How does the apartment purchase process work?
Buying property is a major step, and many people save for a long time to afford the down payment. But what happens after you've saved enough?
Credit Assessment and Finding Your Dream Property
The first step is to get a credit assessment from your bank to confirm your borrowing capacity. Once this has been confirmed, it's time to find your dream property. This process can take varying amounts of time, but it's important to choose carefully and find a property with most of the features you're looking for. Most people have clear ideas about what kind of apartment they want and what requirements it needs to meet, but it's good to keep in mind that you might not find a property that fulfills all your wishes. When buying your first property, you often need to prioritize features and choose the one that checks most boxes if you can't find a property at the right price that meets all criteria.
Making an Offer
Once you've found the property, a process begins that the real estate agent will guide you through. With the agent's assistance, the buyer makes a formal offer on the property, which includes all information about financing and other buyer requirements. Here you include the amount you're willing to pay, how the purchase will be structured (i.e., how large the down payment is and how much you plan to borrow). The offer also specifies how payments to the seller will be made. Typically, payments are divided between signing the purchase agreement, taking possession of the property, and the final payment is usually made when signing the deed. You can also include various conditions, such as passing the credit assessment and a property inspection. It's important to include all necessary conditions since an accepted offer is binding. You cannot withdraw or cancel an accepted offer unless conditions that were included are not met.
Negotiations and Offer Acceptance
Sometimes multiple people bid on the same property, and the real estate agent must carefully balance the interests of all parties. The agent cannot disclose the amount of other offers during the process, which can make it difficult to know how much to bid. It's important never to offer more than you're willing and able to pay. The seller may not immediately accept your offer, though this sometimes happens. Often, the seller rejects the offer but makes a counteroffer, which the buyer can choose to accept. If the buyer doesn't accept the counteroffer, they can either withdraw from the purchase or make another counteroffer. When buyer and seller agree on price and terms, the accepted offer is signed and witnessed.
Taking Out a Loan and Registration
After completing this process with the real estate agent, the buyer applies for the agreed-upon loan. This is done by opening the credit assessment that has already been completed. If the credit assessment process hasn't begun at this point, it can be done simultaneously with the loan application. With an approved credit assessment and an offer that reflects it, the loan process should generally be straightforward and quick.
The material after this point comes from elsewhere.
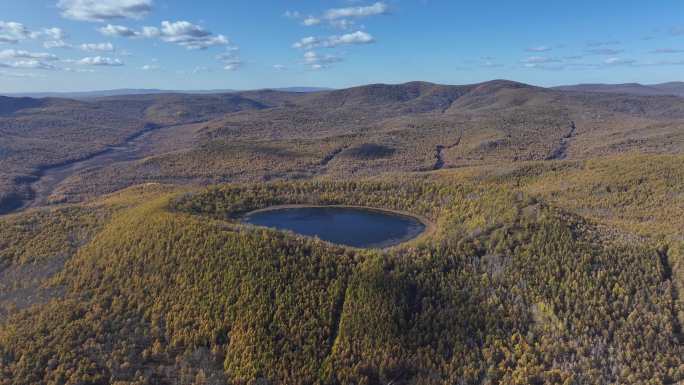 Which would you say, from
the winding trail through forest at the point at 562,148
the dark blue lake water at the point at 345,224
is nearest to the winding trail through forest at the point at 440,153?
the winding trail through forest at the point at 562,148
Once the loan is approved, the buyer receives documents to sign, and after signing, these are sent to the real estate agent. The loan documents are then signed at the purchase agreement meeting, and a document is prepared specifying how the bank loan should be disbursed. The real estate agent then registers the purchase agreement and loan documents, and when they're ready, returns them to the bank so the loan can be paid out.
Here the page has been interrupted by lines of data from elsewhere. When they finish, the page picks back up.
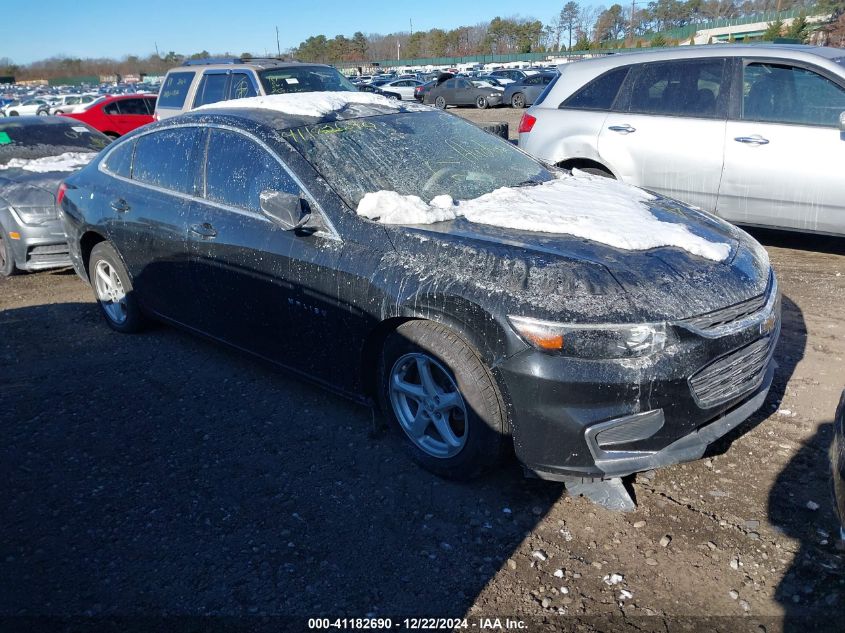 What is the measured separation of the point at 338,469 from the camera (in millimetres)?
3404

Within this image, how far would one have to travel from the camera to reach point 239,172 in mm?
3912

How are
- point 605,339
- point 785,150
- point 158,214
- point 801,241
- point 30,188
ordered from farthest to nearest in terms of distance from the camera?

During registration, stamp duty must also be paid. These are fees imposed by the government on documents registered for property purchases. When a purchase agreement or deed is registered, the property transfer itself is taxed with these fees. Usually, the purchase agreement is registered first, but sometimes the deed. The stamp duty amount for individuals is 0.8% of the property's assessed value, but for first-time homebuyers, a 50% discount is given, making the fee only 0.4%.
Payment and Deed Transfer
The payment from buyer to seller is typically made in three parts: one portion when signing the purchase agreement, another when taking possession of the property, and the final payment when the deed is signed. The deed is a document that officially transfers ownership from seller to buyer and is usually signed several months after the purchase agreement when all parties have fulfilled their obligations. As mentioned above, it's good to have the final payment take place at the deed signing in case any hidden defects appear in the property or if the seller has not fully met their obligations. It's important to set aside the amount needed for the deed payment so the buyer can make the final payment.
Once the deed has been registered, you become the registered property owner.